İnsanlara bakan cephbesine "nübüvvet" derler.
Elbette cephe-i velilik cephe-i peygamberlikten üstündür. O manayı kasdetmişlerdir ama kimse bunu anlamamış
Felasife!
Fususü’l- Hikem Hazreti Muhammedin sözüdür Muhyidinin değil ! ! Bunu bir defa derhal kabul edeceksin
Zira Bak Şeyh-i Ekber Muhyeddin-i Arabi Hazretleri ne buyuruyorlar:
“627 hicret yılı Muharrem ayının son günlerinde bir gece mana aleminden Beşeriyetin farhr-i Ebedisi, Nefs-i Natıka-i Kainatın Kalbi, İmamü’-Enbiya ve Evliya Hazretlerini gördüm. Yed-i saadetlerinde bir kitap vardı.
Bana hitap ederek:
“Bu kitab Fususü’l- Hikem (Hikmetlerin Özü) Kitabıdır. Bunu al (Kalbi marifetullah zevkiyle çarpan) insanlara arzet lazım gelen feyzi alsınlar” diye emretdiler.

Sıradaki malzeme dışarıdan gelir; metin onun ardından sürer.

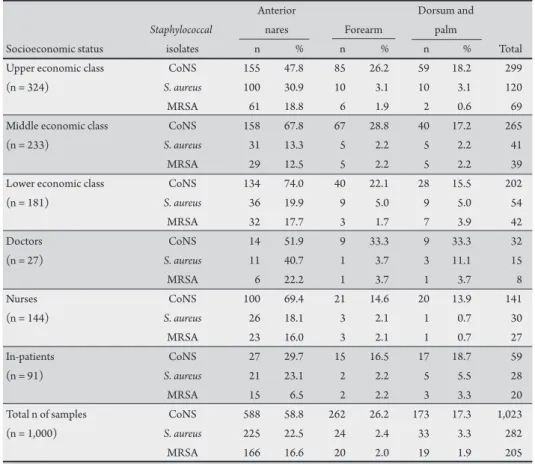 TABLE 2 - Distribution of Staphylococci in healthy individuals according to socioeconomic strata.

Bu Nasıl olur filan diye şaşırmana gerek yok
Zira Veli peygamberin vilayetinin varisidir. Peygamberlik vazifesinde tebliğ umumadır.
kafir münafık mümin ehli kitap vs. servet sevgisi, kadın aşkı için peygamberin yanında bulunanlar. bir dileğine kavuşmak için gelenler vs..
Her cins zıt insanlar peygamber etrafında olurlar. Zira Peygamberler cem'i- ezdada yani bütün zıtları camide toplamaya memurdurlar.
Ama Ancak İlahi hakikatler (Fususü’l- Hikem gibi hakikatler) herkesin istidadında kabule mazhar olmaz, dolayısıyla inkara saplanılır.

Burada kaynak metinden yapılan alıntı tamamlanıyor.